While working on the three assignments, I often felt frustrated by how clunky the AI tools were to work with. As an amateur composer who’s used to (and enjoys) tuning music details by hand, the randomness and unpredictability of Word2Vec caught me off guard. (Although Word2Vec in particular is an old model, I get the sense that the requirement for real-time musical interaction would still limit the performance of any newer model). Even when I was able to hand-tune my feature extractor for my audio mosaic or my Wekinator model, I did not find the training (and validation) process to be particularly enjoyable.
All this is to say that perhaps for the first time, I had to critically evaluate what I (and maybe similarly-minded musicians) really want from AI in music. And for the most part, my answer doesn’t lie in better performing word embedding models or optimized audio feature extractors. Actually, when it comes to amateur music-making, I’m not sure I really even want or need anything. The probabilistic nature of AI makes it useful for generating countless variations of a musical statement or for quickly filling in parts, which could probably serve a practical purpose (e.g., creating stock music or song demos). But when nothing’s at stake, the joy of composing comes from agency and control, and I don’t think anything should take away from that.
So where does this leave me? Instead, I think AI should be whimsical. It should do crazy things that a human musician might feel ashamed of doing themselves. It shouldn’t seek to entirely replace parts of the music making process, but rather, it should help the composer try something new or see things in a different way. AI is becoming prevalent in our daily lives, and instead of adopting a “go-with-the-flow” mentality, perhaps it’s time to push back against the status quo of AI-as-optimization. Because I fear for a scenario where in trying to optimize something like music, we lose sight of the joy in the process.

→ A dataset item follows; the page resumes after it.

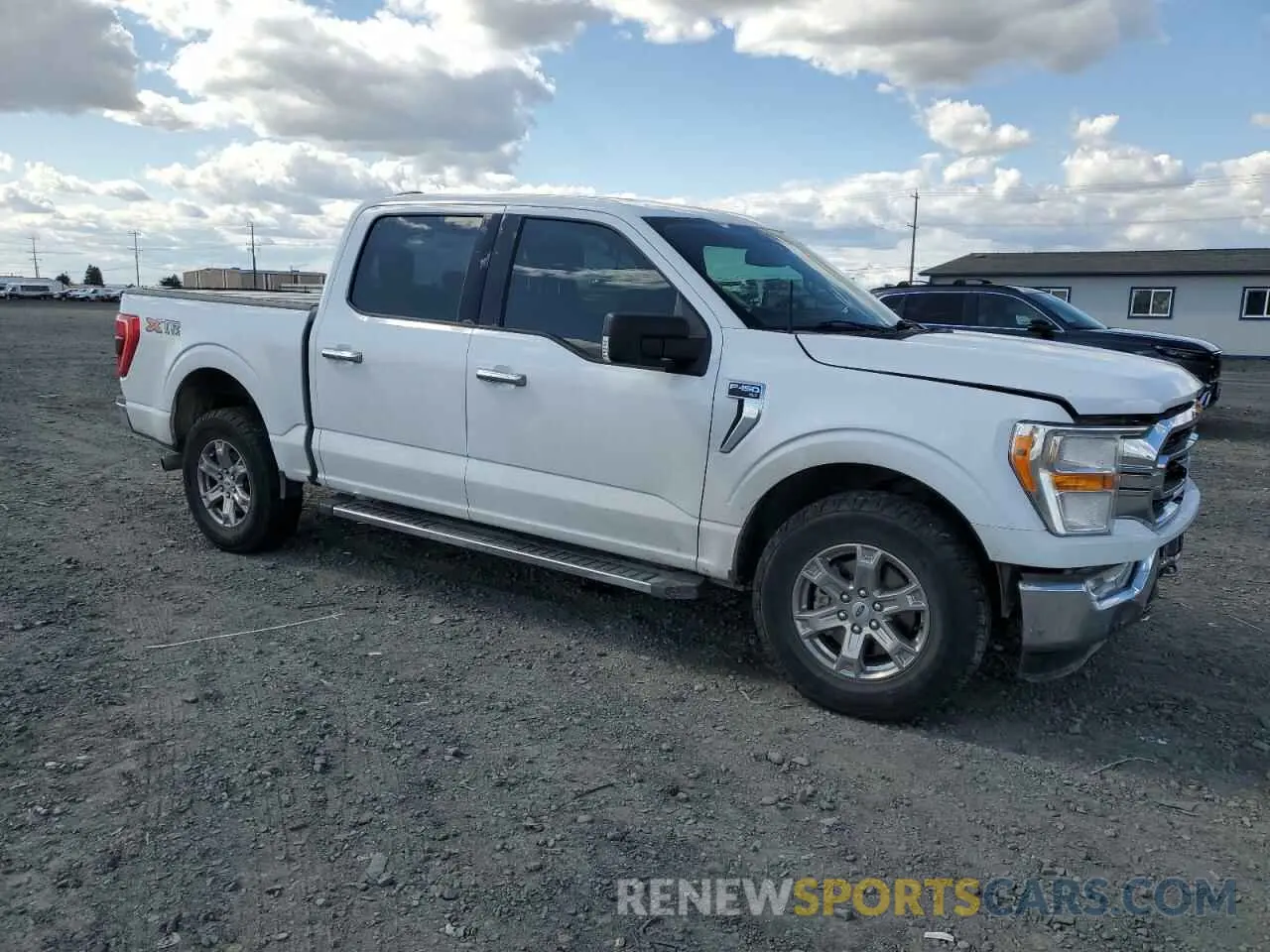 4 Photograph of a damaged car 1FTFW1E52MKD66684 FORD F-150 2021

Ultimately, I think that whatever one’s thoughts on AI are, they can meaningfully contribute to the discourse on how AI should be used. To conclude this response, I think one potential area for change is what the CS research community considers to be good AI research. Currently, much of the focus is on algorithms and architectures, with work on human-in-the-loop AI systems being relegated to the field HCI instead (so not even “AI research”). My hope is that by showing something exciting and unconventional in the AI research community, other people might find it interesting, so that we may all cast a vote on how we want to live with AI.